During training, the algorithm presents the training samples consecutively to the network. If a training sample cannot be correctly classiﬁed by the existing network, then this training sample is used as a new prototype. Otherwise, the weight of the nearest prototype is increased to increase its relative occurrence. The variances of all Gaussians describing conﬂicting classes are reduced such that no conﬂicting class produces values larger than the negative threshold for this training sample. Output is not bounded because of the linear activation functions which exist in the output nodes. Hence, this is a decisionmaking network, i.e., it only gives the most likely class for a given training sample but not its exact likelihood. The dynamic decay adjustment algorithm of Berthold and Diamond (1995) has some resemblance to the probabilistic neural network of Specht (1990). This network creates a Gaussian centered at each training sample. During training, only the optimum, common variance for all Gaussians must be estimated. However, the fact that a hidden node is created for each training sample makes the network more or less a referential memory scheme and will render the use of large training sets very cumbersome. Dynamic decay adjustment, on the other hand, creates new nodes only when necessary. Other incremental algorithms include orthogonal least squares of Chen et al. (1991), resource allocating network of Platt (1991), and projection pursuit learning of Hwang et al. (1994). A recent review of constructive algorithms can be found in Kwok and Yeung (1997).
PRACTICE

A general strategy How can these methods and techniques be used in a geophysical application? The following list contains some relevant points to be considered for any application. Particular attention should be paid to the following. Choice of neural network.—For static problems, a preliminary data analysis or general considerations may already indicate the optimum choice whether to use an MLP or RBF network. For instance, clusters in classiﬁcation problems are often thought to be localized in input space. Hence, RBF networks may yield better results than MLP networks. However, both types of neural networks are universal approximators, capable of producing identical results. Nevertheless, one type may be better suited for a particular application than the other type because these predictions are asymptotic results. If no indications exist, both must be tried. Choice of input parameters.—In some problems, this may be a trivial question. In extreme cases, any parameter which can be thought may be included, after which a principal component analysis (PCA) or factor analysis may be used to reduce input space and thereby any redundancy and irrelevant parameters. Nevertheless, an adequate selection of parameters signiﬁcantly increases performance and quality of ﬁnal results. Suitable preprocessing techniques.—Any rescaling, ﬁltering, or other means allowing for an more effective use of the input parameters should be considered. Naturally, PCA or a factor analysis can be included here. Training set and training samples.—The number of training samples is of direct inﬂuence on the total number of internal variables allowed in the neural networks to keep training overconstrained. The total number of internal variables should

1042

Van der Baan and Jutten

never exceed the number of training samples.
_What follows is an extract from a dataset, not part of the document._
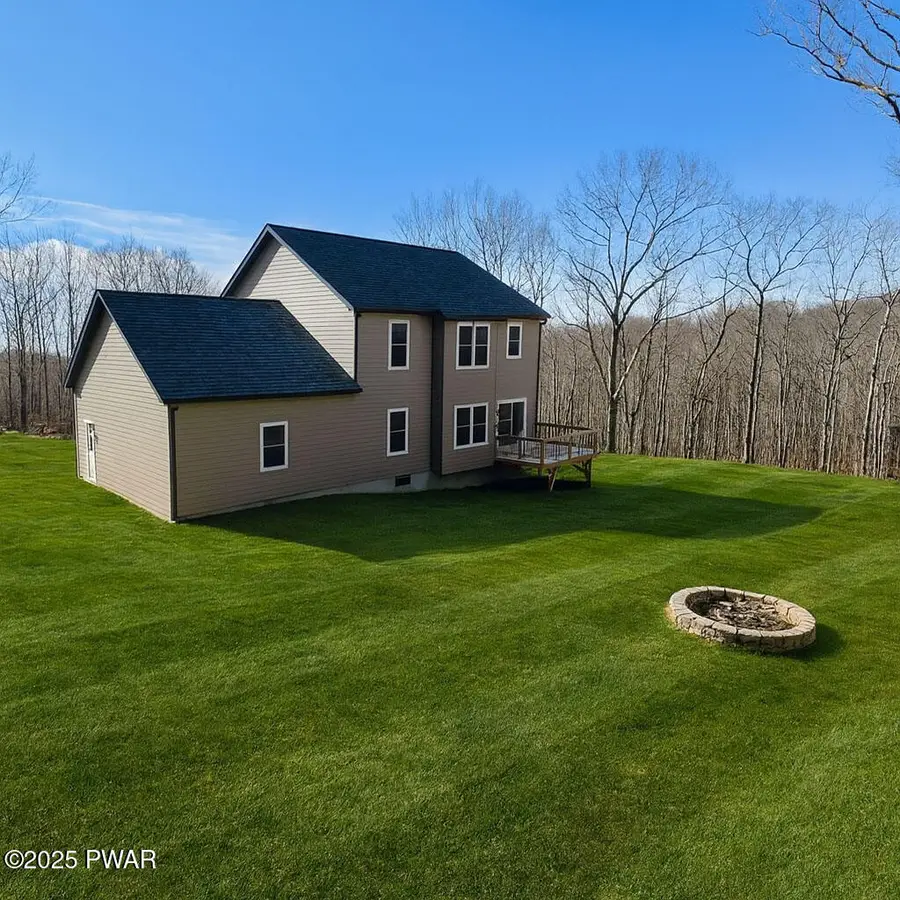 160 Tan Oak Drive, Milford, PA 18337 - Image #2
The largest fully connected neural networks can be calculated using equations (3) and (4). Naturally, such limitations will not exist if a very large training set is available. Training algorithm and generalization measure.—Naturally, a training algorithm has to be chosen. Conjugate gradient methods yield better performance than the standard backpropagation algorithm since the ﬁrst is proven to converge within a limited number of iterations but the latter is not. Furthermore, a method has to be chosen to guarantee a good performance in general. This can be any general method—crossvalidation, theoretical measure, or residual analysis. However, these measures must be calculated during training and not after convergence. Conﬁguration estimation.—The choice between the use of a constructive or a simpliﬁcation method is important. An increasingly popular choice is using any constructive algorithm to obtain a suitable network conﬁguration and thereafter applying a pruning technique for a minimal optimum conﬁguration. Sometimes, reinitialization and retraining of a neural networks may improve a misﬁt and allow for continued pruning of the

network. In such cases, the reinitialization has allowed for an escape of a local minimum. An example To illustrate how some of these methods and techniques can be put in a general methodology, we consider a single example that can be solved relatively easily using a neural networks without the need for complicated processing schemes. Our example concerns the detection and extraction of reﬂections, ground roll, and other types of noise in a deep seismic reﬂection experiment to enhance data quality. Van der Baan and Paul (2000) have shown that the application of Gaussian statistics on local amplitude spectra after the application of a PCA allows for an efﬁcient estimate of the presence of reﬂections and therefore their extraction. They used a very simple procedure to extract the desired reﬂections. In a common shot gather (Figure 5a) a particular reﬂection was picked 14 times on adjacent traces (Figure 5b). Local amplitude spectra were calculated using 128-ms (16 points) windows centered around the picks. These local amplitude spectra

FIG. 5. Common shot gather plus 31 pick positions. (a) Original data, (b) fourteen reﬂection picks, (c) three prearrival noise plus six ground roll picks, (d) six picks on background noise plus bad traces, and (e) two more picks on bad traces.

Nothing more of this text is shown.